La pobre Lucía, con tan escaso abrigo, llegó al bosque completamente aterrorizada. Por otra parte, era invierno y como bien suponía, no existían por allí las fresas.
Cuando más angustiada se hallaba la muchacha, surgieron tres enanitos, temblorosos y suplicantes.
-Tenemos hambre y frío- dijo uno de ellos.
– La nieve nos impide entrar en nuestra casa- alegó otro.
– ¡Ayudanos, por favor!- gimió el tercero.
La joven les entregó el pedazo de pan que iba a ser todo su comida. Conmovidos ante tanta bondad, cada uno de los diminutos seres le concedio un deseo. El primero, que cada día sería más bella; el segundo, que cada una de sus palabras se transformaría en una moneda de oro; el tercero, que el rey se casaría con ella.

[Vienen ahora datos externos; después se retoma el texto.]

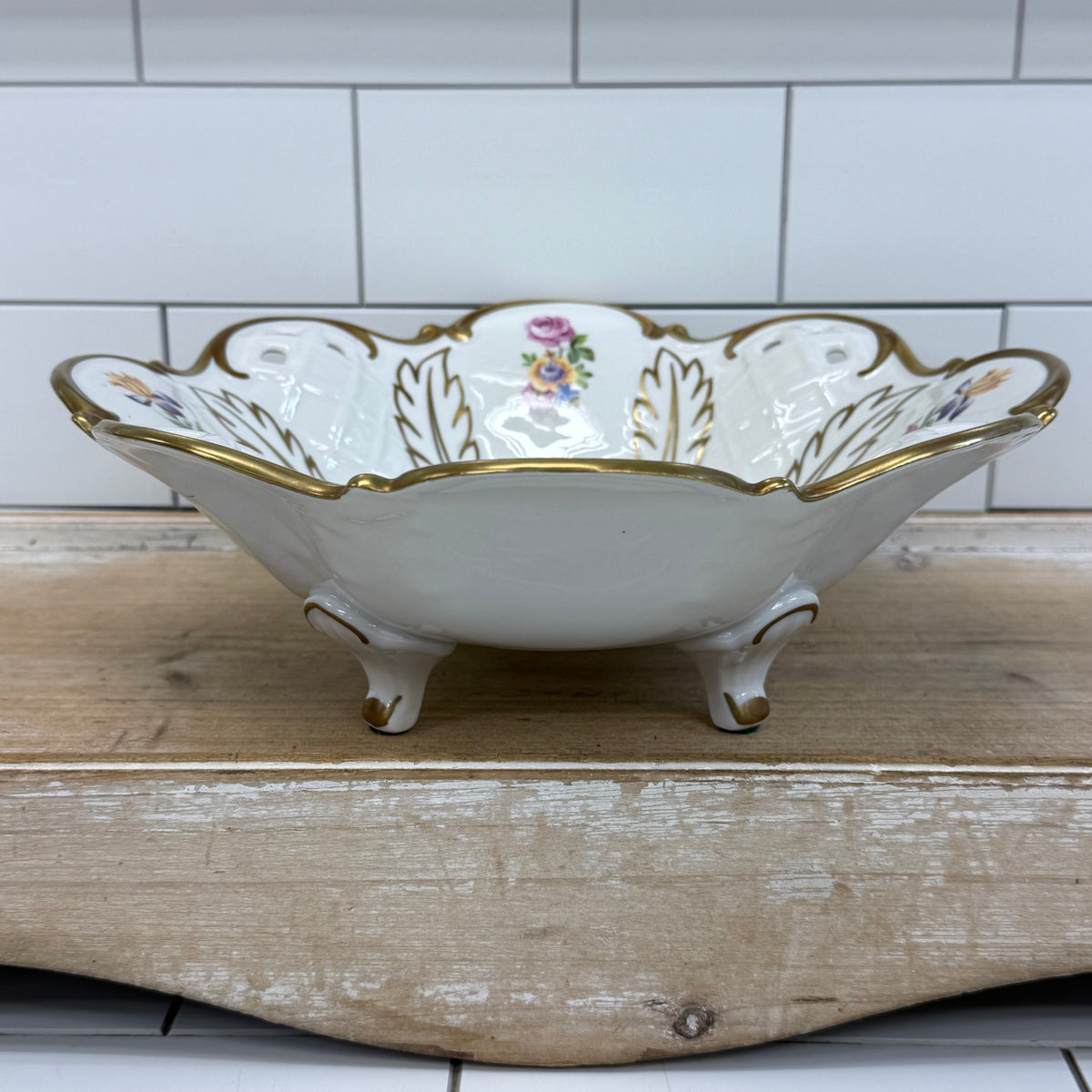 Reichenbach Floral Porcelain Footed Bowl 1970s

Apenas huda dado Lucía unos pasos por el bosque cuando, por arte de magia, entre la nieve, aparecieron rojas y aromáticas fresas. Así pudo llenar su cestillo y regresar a casa. Al contar cómo había hallado las fresas, cada una de sus palabras se convirtió en una moneda de oro.

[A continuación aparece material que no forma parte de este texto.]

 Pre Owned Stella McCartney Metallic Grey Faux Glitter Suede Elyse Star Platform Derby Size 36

– Hija mía, Melinda, ve al bosque en busca de fresas, pues a ti te ha de suceder algo mucho más hermoso que a esa tonta de Lucía. Lleva ricas viandas y abrígate bien.
Con un suntuoso abrigo bordeado de pieles, Melinda fue al bosque. Y también halló a los enanitos, que solicitaron su ayuda.

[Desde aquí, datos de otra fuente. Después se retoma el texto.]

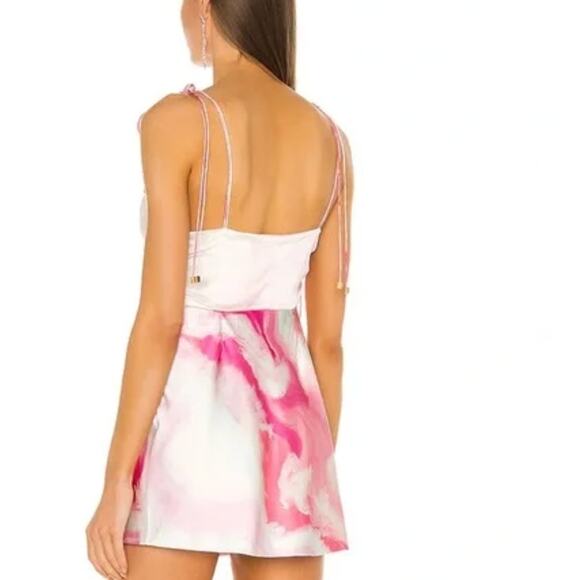 Refrofete Revolve Arielle Dress Marble Silk Mini Pink 14-16 - Picture 3 of 7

– Os daré el pan, pero no mis pasteles- dijo altanera.
Los enanitos, enojados por su falta de generosidad, le concedieron cada uno cierto don… Cada día sería más fea; cada una de sus palabras se convertiría en un sapo; el rey la desterraría.
Melinda regresó sin fresas y, al empezar a hablar, sapos saltarines salían de su boca, mientras la nariz le crecía y los ojos se le achicaban. Furiosa, la madrastra odió más todavía a Lucía, a la que ordenó ir al río a lavar la ropa.
– ¡Pero madre!- exclamó la muchacha . El río se ha helado y no podré lavar.
La mujer, en medio de los mayores insultos, la obligó a salir de casa con el cesto de la ropa.
Y sucedió que le príncipe heredero, que se había extravidado en el bosque, halló a la muchacha y se quedó prendado de su belleza y bondad.
– Hola muchacha, ¿a donde vas?- con el frio que hace.
– Mi madrastra me ha obligado a venir a lavar al rio.
– No puedo consentir que te obliguen a realizar este tipo de trabajos en estas condiciones, guíame fuera del bosque y te llevaré a mi palacio.
Ella, emocionada por la apostura del príncipe, le guió. Y lo primero que hizo fue desterrar a ambas por el trato tan cruel e inhumano que le daban a Lucía.
Al volver su padre le contaron lo ocurrido, y el les agradeció que le descubrieran cuán malvada era su mujer, y se alegró que las hubieran desterrado,
Ni qué decir, que los hermosos jóvenes fueron muy felices.